The report adds, “Decriminalisation of possession for personal use saves money from the criminal justice system and allows for more investment in prevention and treatment.
“Decriminalisation of possession for personal use saves money from the criminal justice system and allows for more investment in prevention and treatment.
“Decriminalisation will not be effective without investing in holistic harm reduction, support and treatment services for drug addiction. Doing so would save lives and provide better protection for communities.”
The report also argued that responsibility to drug policy should be with the Department for Health and Social Care rather than the Home Office, and that cuts to drug treatment services should be reversed.
Committee chairman, Dr Sarah Wollaston, said decriminalisation alone “would not be sufficient” and there needed to be a “radical upgrade in treatment and holistic care for those who are dependent on drugs, and this should begin without delay.”
She added, “Every drug death should be regarded as preventable and yet across the UK, the number of drugs-related deaths continues to rise to the scale of a public health emergency.
“Recommendations put forward in this report propose changes to drugs policy that are desperately needed to prevent thousands of deaths.
“Avoidable drug deaths are increasing year on year across the UK, but there has been a failure to act on the evidence. The Government should learn lessons from the international experience, including countries like Portugal and Frankfurt.”

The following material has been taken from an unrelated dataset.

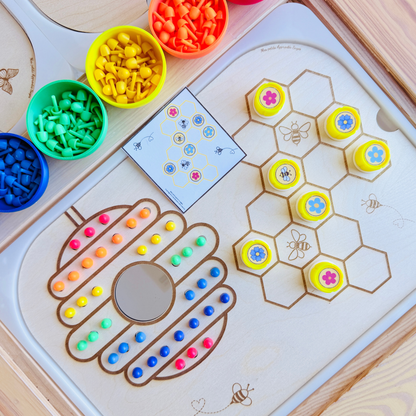 Grand insert en bois TROFAST abeille Activité sensorielle 3 en 1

A government spokesperson said, “The decriminalisation of drug possession in the UK would not eliminate the crime committed by the illicit trade, nor would it address the harms associated with drug dependence and the misery that this can cause to families and communities.
“We are committed to reducing the use of drugs and the harms they cause, and the Home Office has commissioned a major independent review to examine these issues.
“We must prevent drug use in our communities, support people through treatment and recovery, and tackle the supply of illegal drugs.”